Messaggi da portare a casa
- Nella diagnosi, la poliartrosi deve essere chiaramente differenziata dalle malattie reumatiche infiammatorie.
- Le malattie reumatiche infiammatorie possono innestarsi su una poliartrosi preesistente e devono essere riconosciute in tempo per iniziare una terapia immunosoppressiva in una fase precoce.
- La terapia conservativa per la poliartrosi è molto efficace e dovrebbe essere portata avanti il più a lungo possibile.
- La somministrazione a lungo termine con farmaci antinfiammatori non steroidei (FANS) non deve essere effettuata a causa dei possibili danni ai reni e degli effetti collaterali cardiovascolari.
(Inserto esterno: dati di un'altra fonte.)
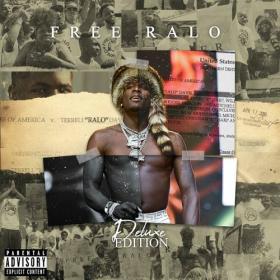 Ralo - Free Ralo (Deluxe Edition) Rap Album (2020) [320]  kbps Beats⭐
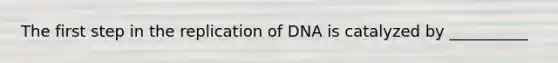 The first step in the replication of DNA is catalyzed by __________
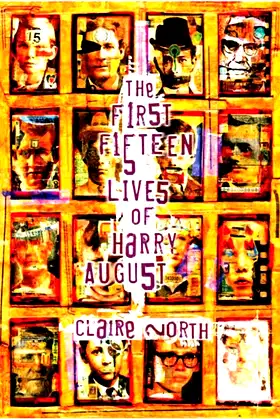The First Fifteen Lives of Harry August poster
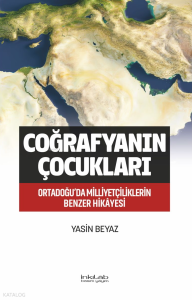 Coğrafyanın Çocukları;Ortadoğu’da Milliyetçiliklerin Benzer Hikâyesi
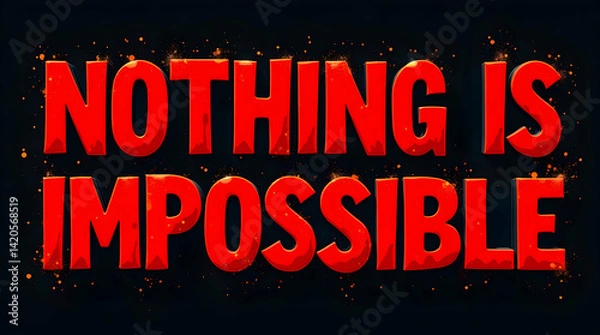 Fototapeta Nothing is Impossible – Red Resolve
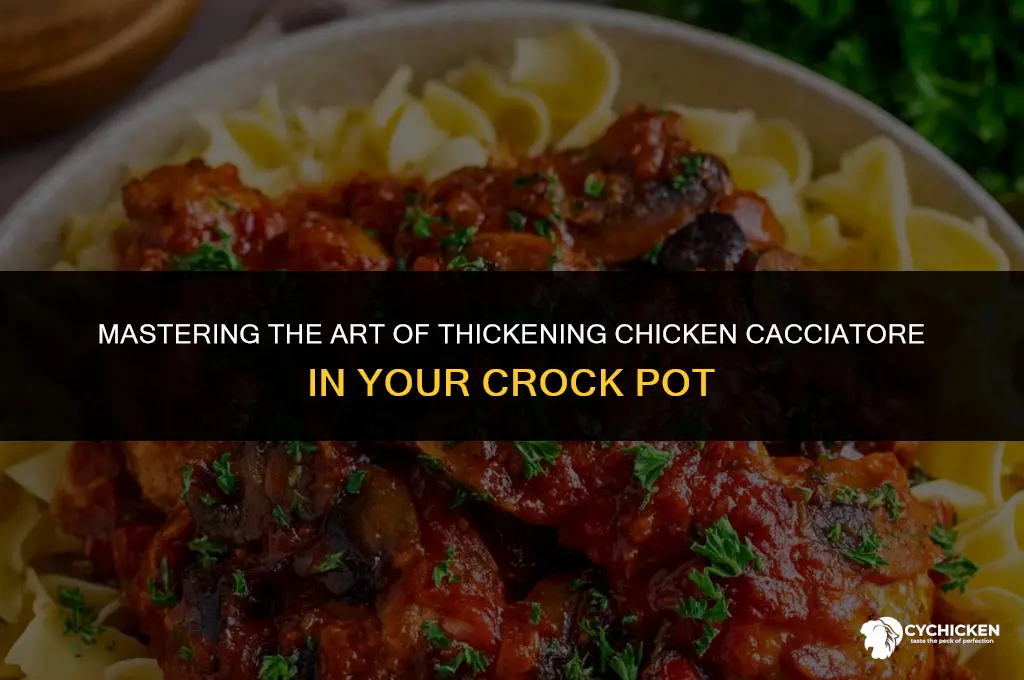 how to thicken chicken cacciatore in crock pot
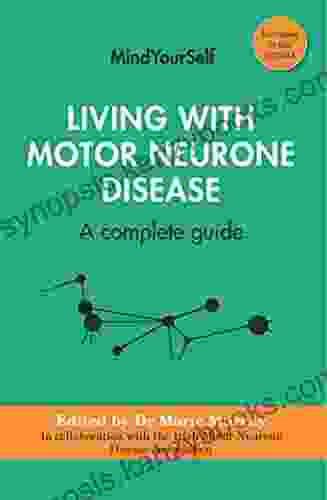 Living With Motor Neurone Disease: A Complete Guide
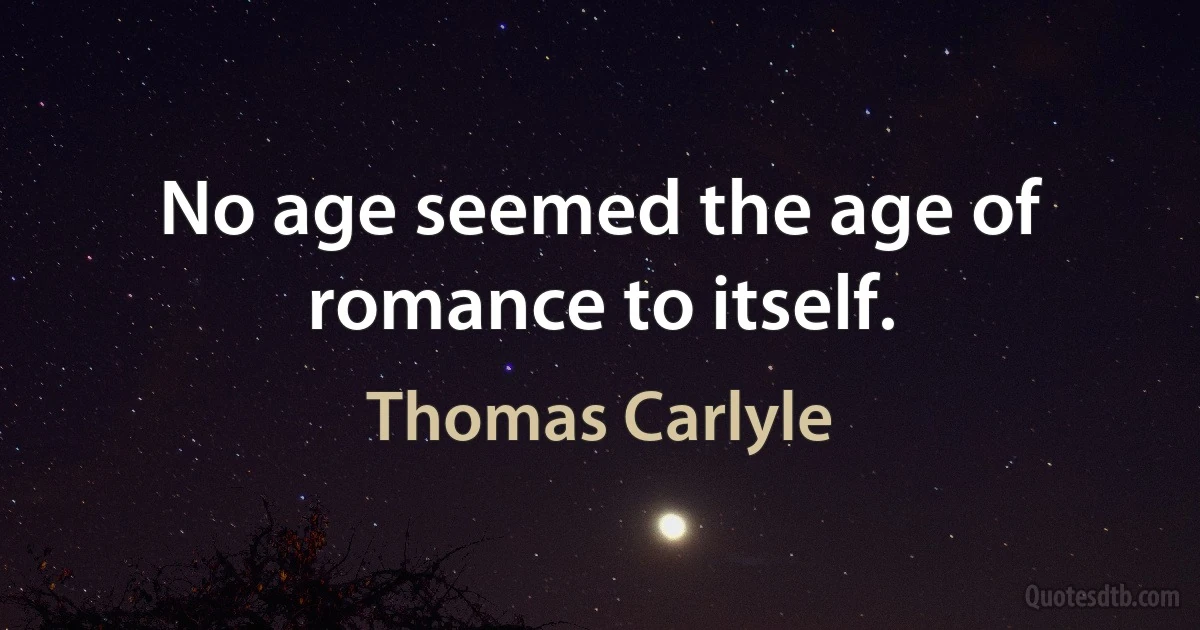 No age seemed the age of romance to itself. (Thomas Carlyle)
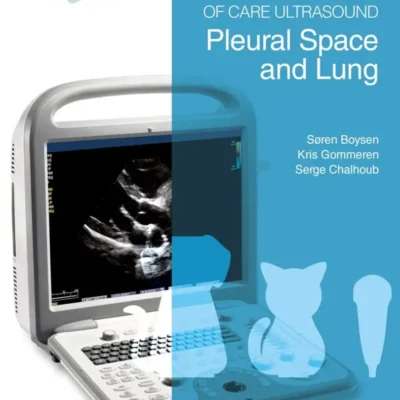 The Essentials of Veterinary Point of Care Ultrasound Pleural Space and Lung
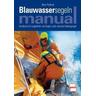 Blauwassersegeln Manual - Barry Pickthall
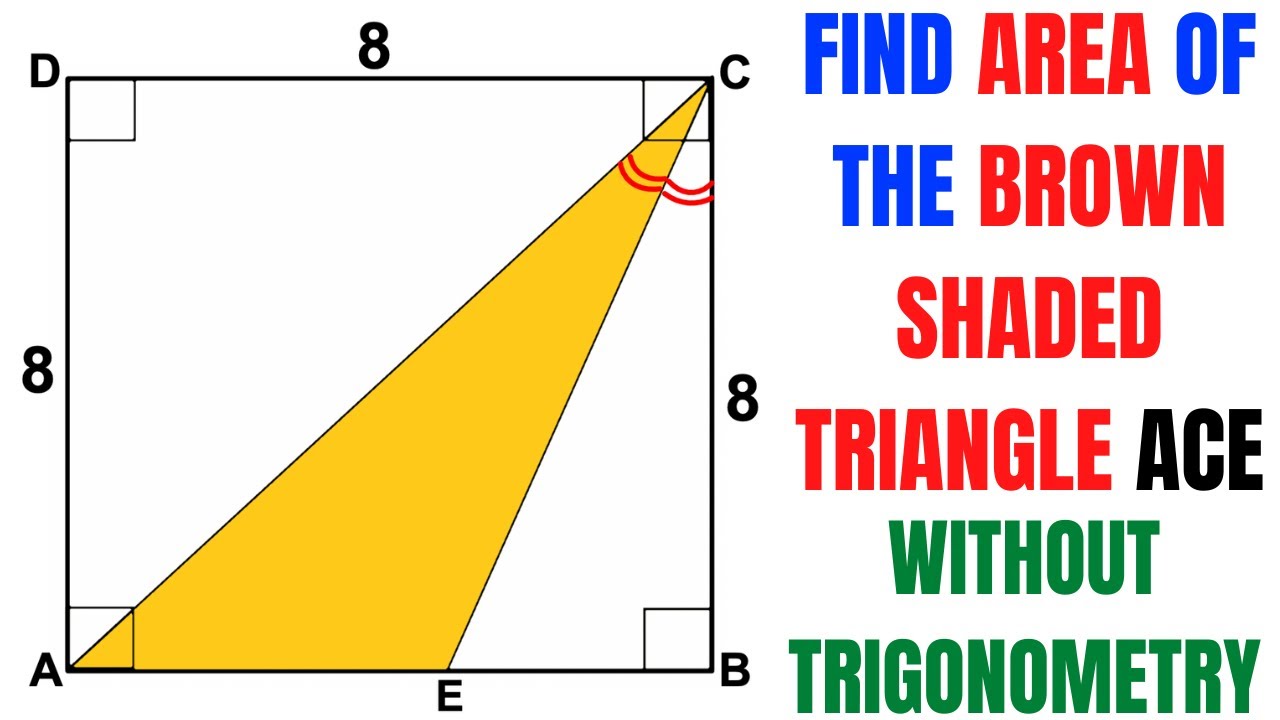 Find Area of the Brown shaded Triangle without Trigonometry | Important Geometry skills explained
- Il trattamento ortesico della mano deve essere attentamente considerato e discusso con il paziente. Le ortesi devono essere prescritte solo se il paziente assicura in modo credibile di indossarle.
- Le misure chirurgiche sono l’ultima risorsa nel trattamento della poliartrosi. Quando sono ben indicati, sono molto efficaci e vengono giudicati molto utili dal paziente.
Conflitto di interessi: l’autore è Presidente della Società Tedesca di Reumatologia Ortopedica (DGORh), rappresentante permanente del Direttore della Clinica di Chirurgia Traumatologica e Responsabile della Sezione di Chirurgia degli Estremità Superiori, del Piede e dei Reumatismi della Scuola di Medicina di Hannover. Non ha ricevuto alcun pagamento dall’industria. Non è coinvolto nello sviluppo di prodotti correlati all’articolo.
Letteratura:
- Neogi T, Zhang Y: Epidemiologia dell’osteoartrite. Rheum Dis Clin North Am. 2013; 39: 1-19.
- Vina ER, Kwoh CK. Epidemiologia dell’osteoartrite: aggiornamento della letteratura. Curr Opin Rheumatol. 2018 Mar; 30(2): 160-167.
- Higgenbotham C, Boyd A, Busch M, et al: Gestione ottimale dell’artrite dell’articolazione basale del pollice: sfide e soluzioni. Orthop Res Rev. 2017; 9: 93-99.
- Kreher F, Zeller A, Krettek C, Gaulke R: Artrodesi dell’articolazione del dito mediante sutura con e senza filo di Kirschner aggiuntivo – Uno studio biomeccanico comparativo. Handchir Microchir Plast Chir 2019; 51: 19-26.
- Zhu A, Rahgozar P, Chung KC: I progressi nell’artroplastica dell’articolazione interfalangea prossimale: biomeccanica e biomateriali. Clin della mano. 2018 maggio; 34(2): 185-194.